Data extracted from a collection:
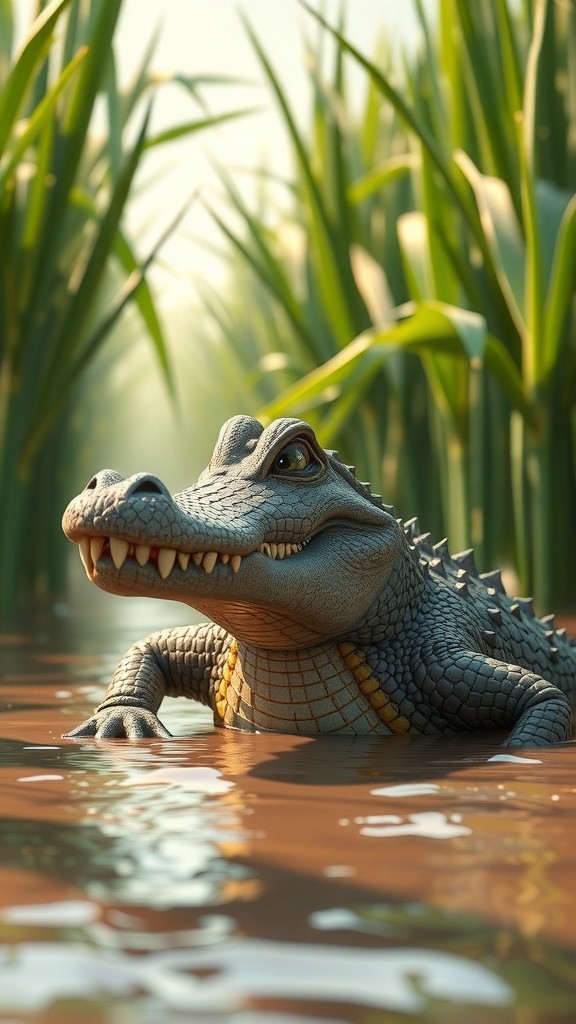 Crocodile Shenanigans: Avoiding Brenda!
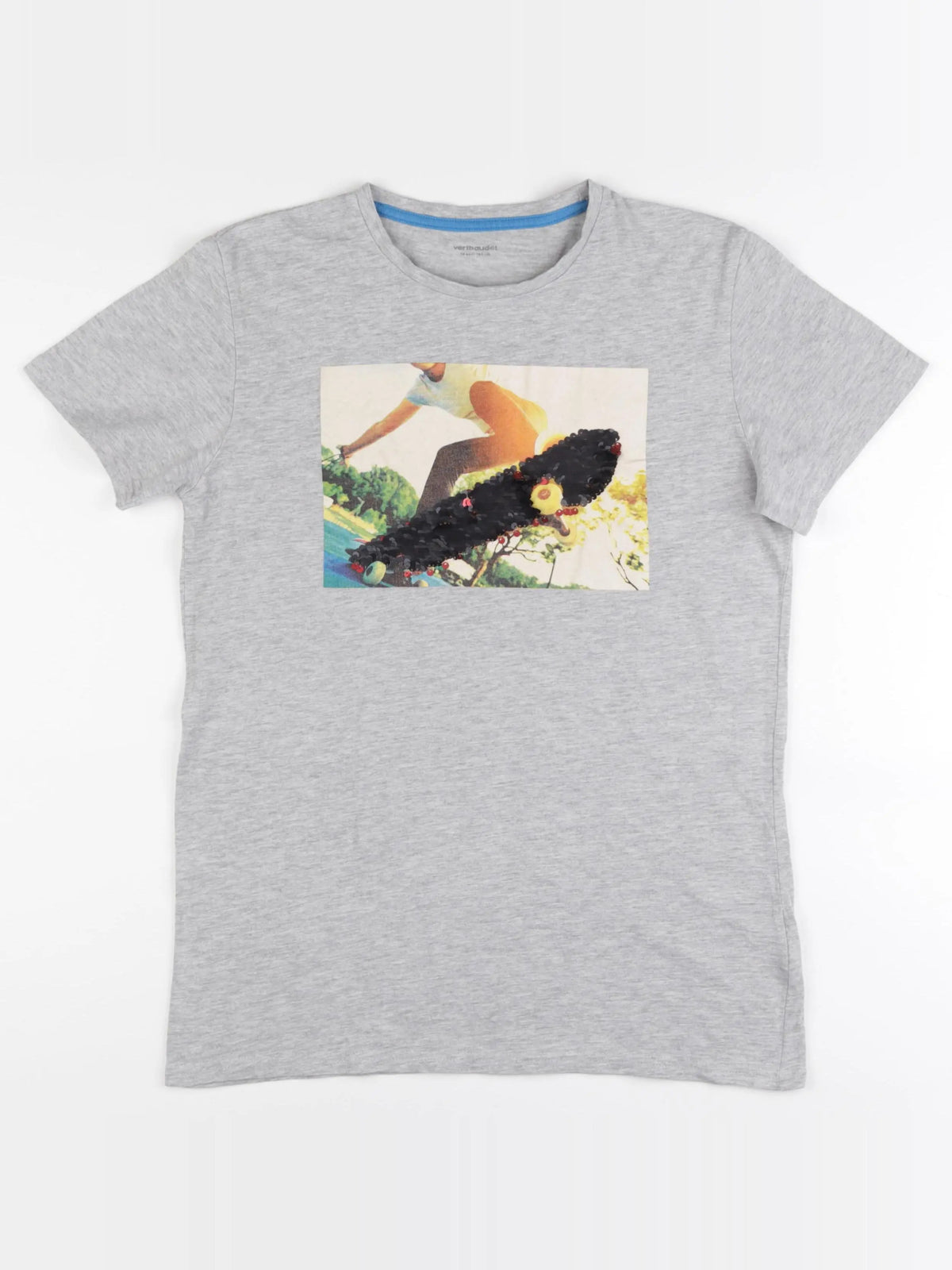 Vertbaudet - tee-shirt gris - 14 ans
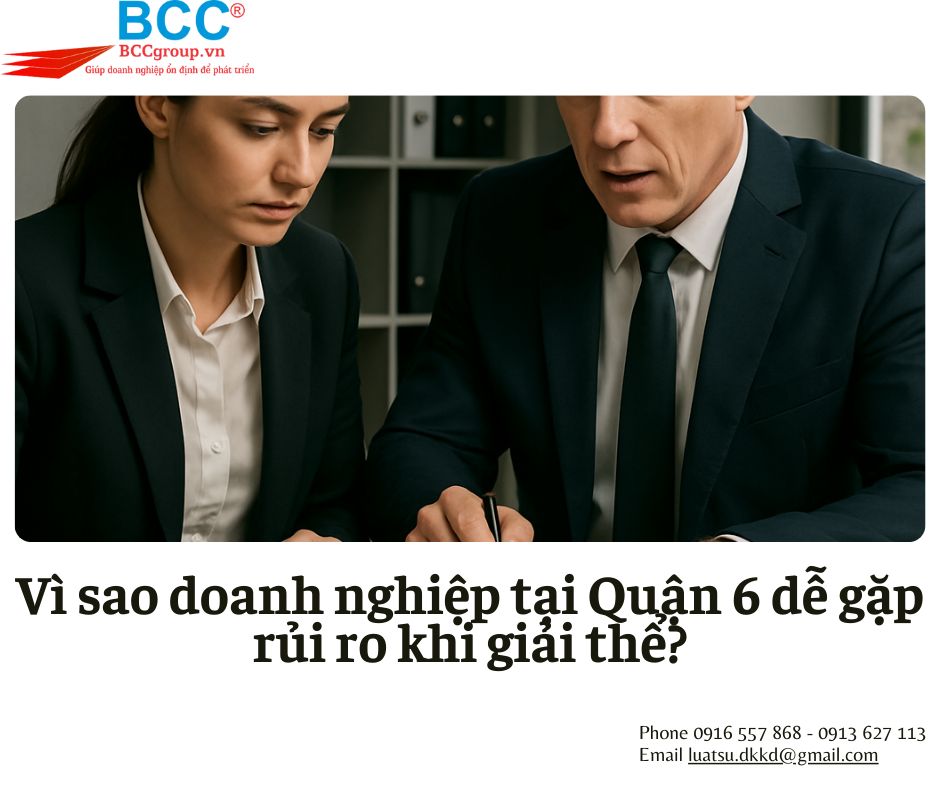 Dịch vụ giải thể doanh nghiệp tại Quận 6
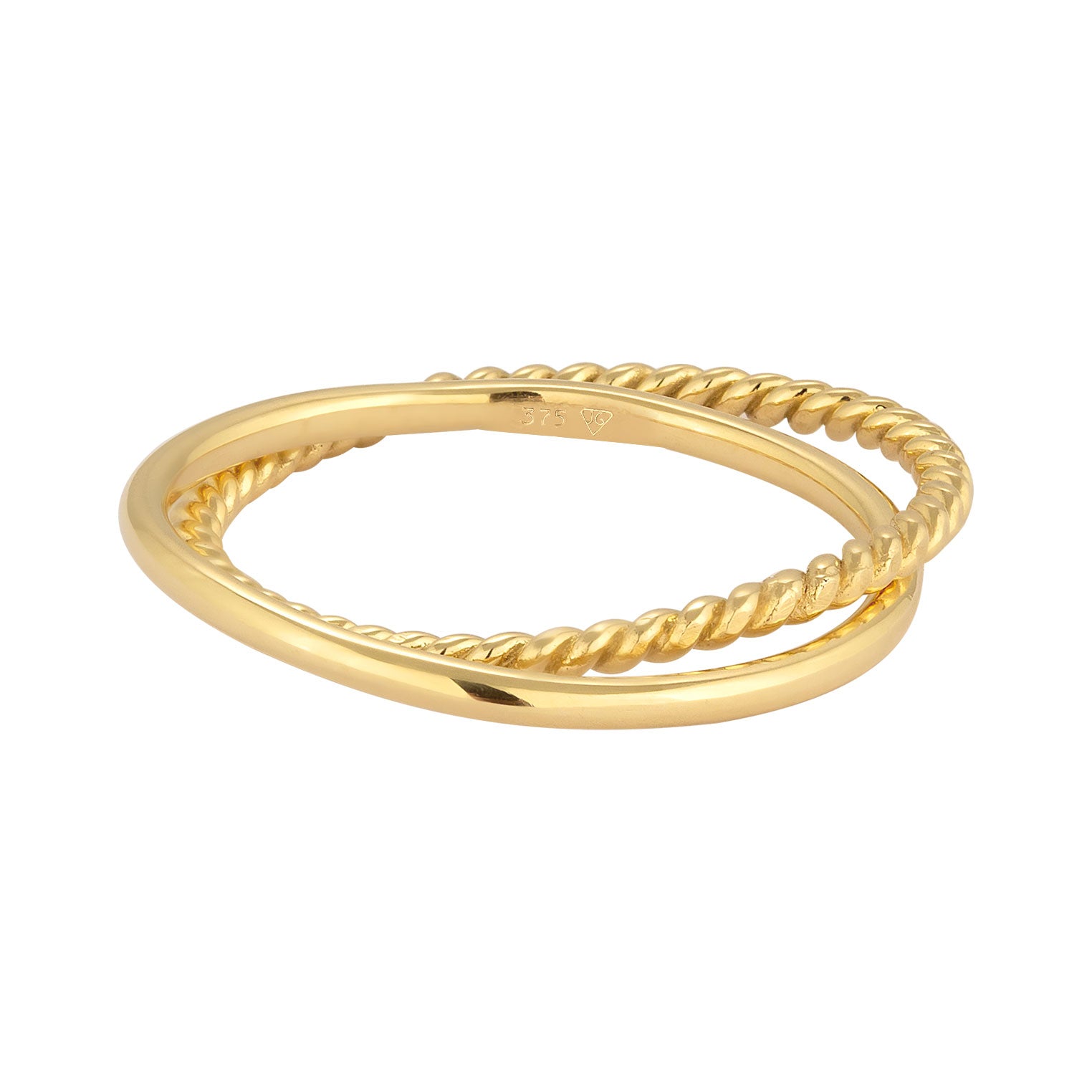 Gold - Elli PREMIUM | Wickelring | 375 Gelbgold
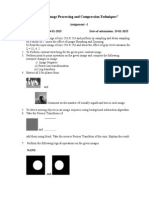 EEE 623 - Image Processing and Compression Techniques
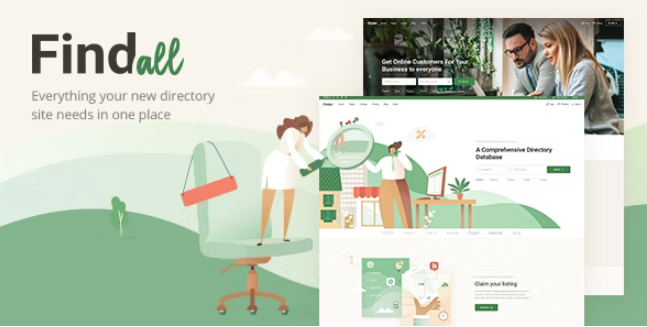 FindAll v1.3 – WordPress 商业目录主题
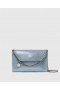 Stella McCartney Falabella peňaženka crossbody kabelka zafírová modrá | Dámske kabelky s hornou rukoväťou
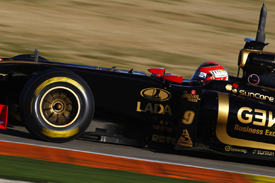 Robert Kubica, Renault, Valencia testing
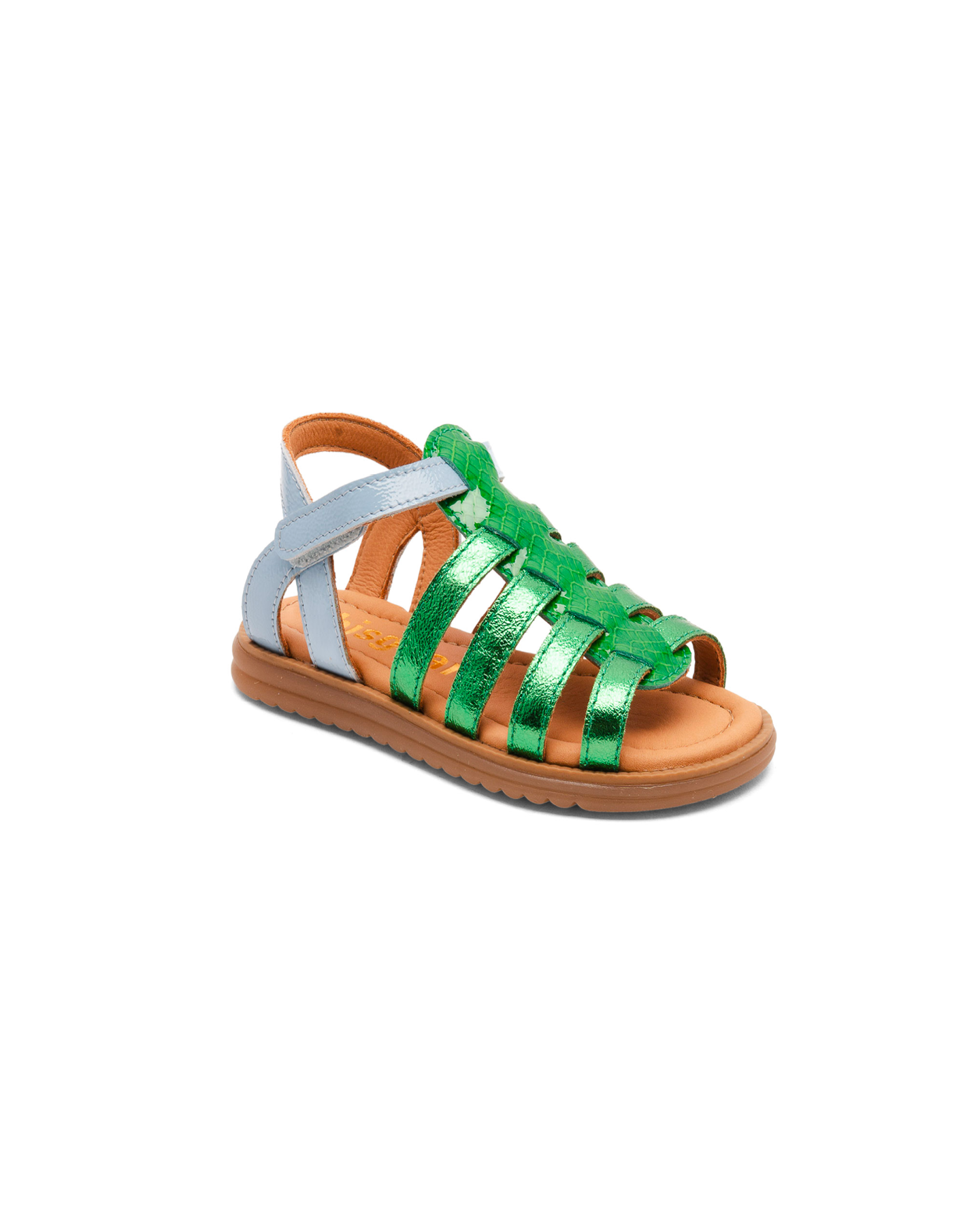 Sandaal - Bella green metallic-1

## Exercise directions
Your task is to set down each line above verbatim while excluding the pictures.

## Exercise response
 Crocodile Shenanigans: Avoiding Brenda!
 Vertbaudet - tee-shirt gris - 14 ans
 Dịch vụ giải thể doanh nghiệp tại Quận 6
 Gold - Elli PREMIUM | Wickelring | 375 Gelbgold
 EEE 623 - Image Processing and Compression Techniques
 FindAll v1.3 – WordPress 商业目录主题
 Stella McCartney Falabella peňaženka crossbody kabelka zafírová modrá | Dámske kabelky s hornou rukoväťou
 Robert Kubica, Renault, Valencia testing
 Sandaal - Bella green metallic-1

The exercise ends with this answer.